Let's use a simple example:
x = 2
y = 3
i = 0
j = 0
array = [x*y]
Now, let's look at what array currently contains:
array
>> 6
Now we run your first for loop:
for i in range(x):
array.append([0 for j in range(y)])
And let's check the new value of array:
array
>> [6, [0, 0, 0], [0, 0, 0]]
So now we see that the first element of array is an integer. The remaining elements are all lists with three elements.
The error occurs in the first pass through your nested for loops. In the first pass, i and j are both zero.
array[0][0] = 0*0
>> TypeError: 'int' object does not support item assignment
Since array[0] is an integer, you can't use the second [0]. There is nothing there to get. So, like Ashalynd said, the array = x*y seems to be the problem.
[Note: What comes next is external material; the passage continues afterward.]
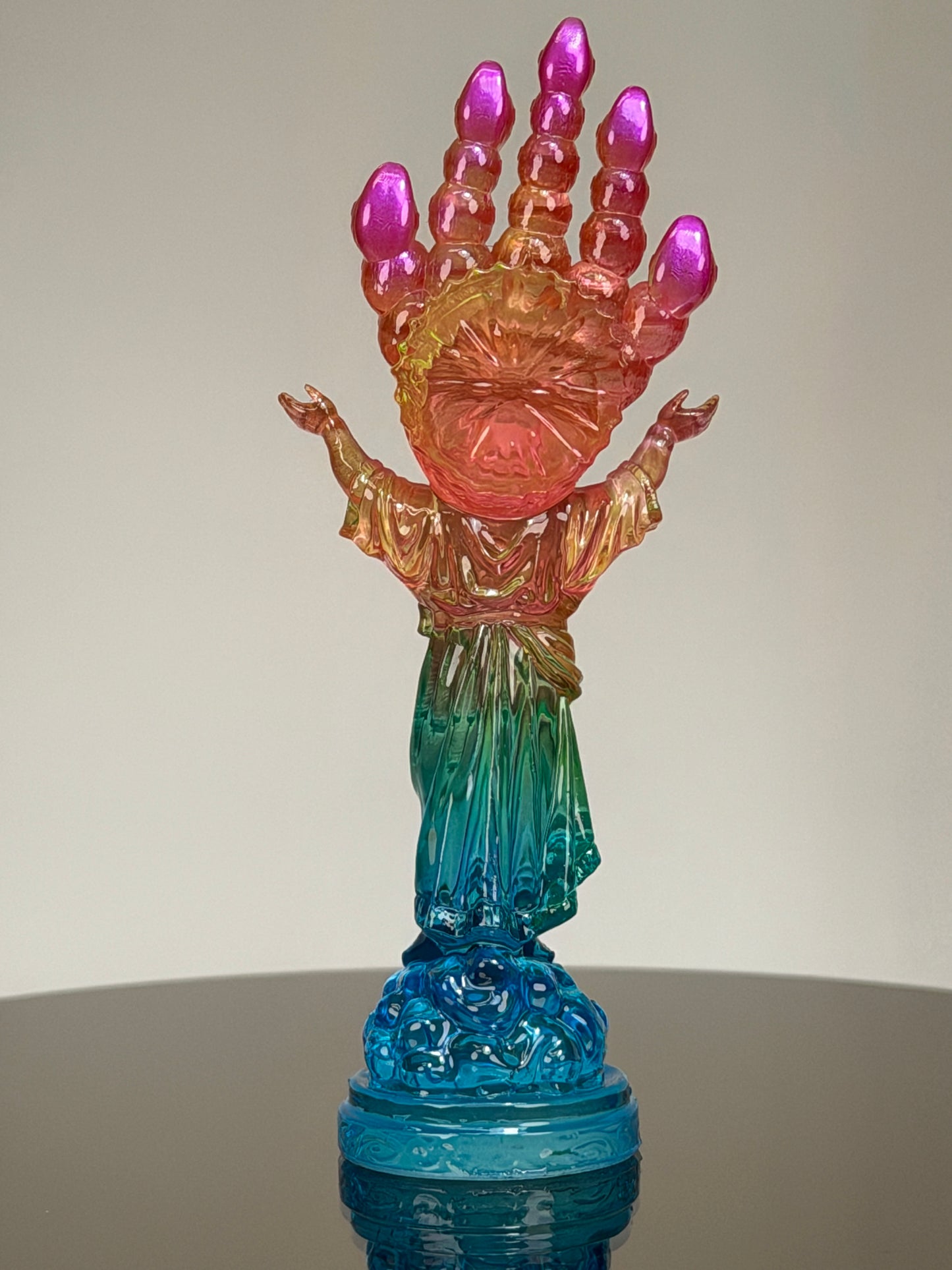 The Child Ape Claw Jesus: Venus Storm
Depending on what you really want to do, there could be many solutions. Let's assume you want the first element of your list to be a list of length y, with each value equal to x*y. Then replace array = [x*y] with:
array = [x*y for i in range(y)]
Try inspect your array.
array[2*3] will result in [6].
array.append([0 for j in range(3)]) will then result in [6,[0,0,0]], your first element is not an array.
There is in indent error with your for loops.
I think what you are trying to do is this:
array2=[]
for i in range(2):
array2.append([0 for j in range(3)])
Your syntax is so wrong. First of all if you store variables i=0, j=0 so why you use them in for loop? It doesn't make any sense.
Second, just debug it, put print (array) after the list.
if x=5 and y=5 ;
[25, [0, 0, 0, 0, 0], [0, 0, 0, 0, 0], [0, 0, 0, 0, 0], [0, 0, 0, 0,
0], [0, 0, 0, 0, 0]]
This is your array, and this line;
array[i][j]=i * j
Throwing error? Why? Because;
j=0
i=0
array[i]=25
array[i][j] = 2
So that's why you got error.Integers, which is 2 here, doesn't support item assignment. Try to fix your syntax.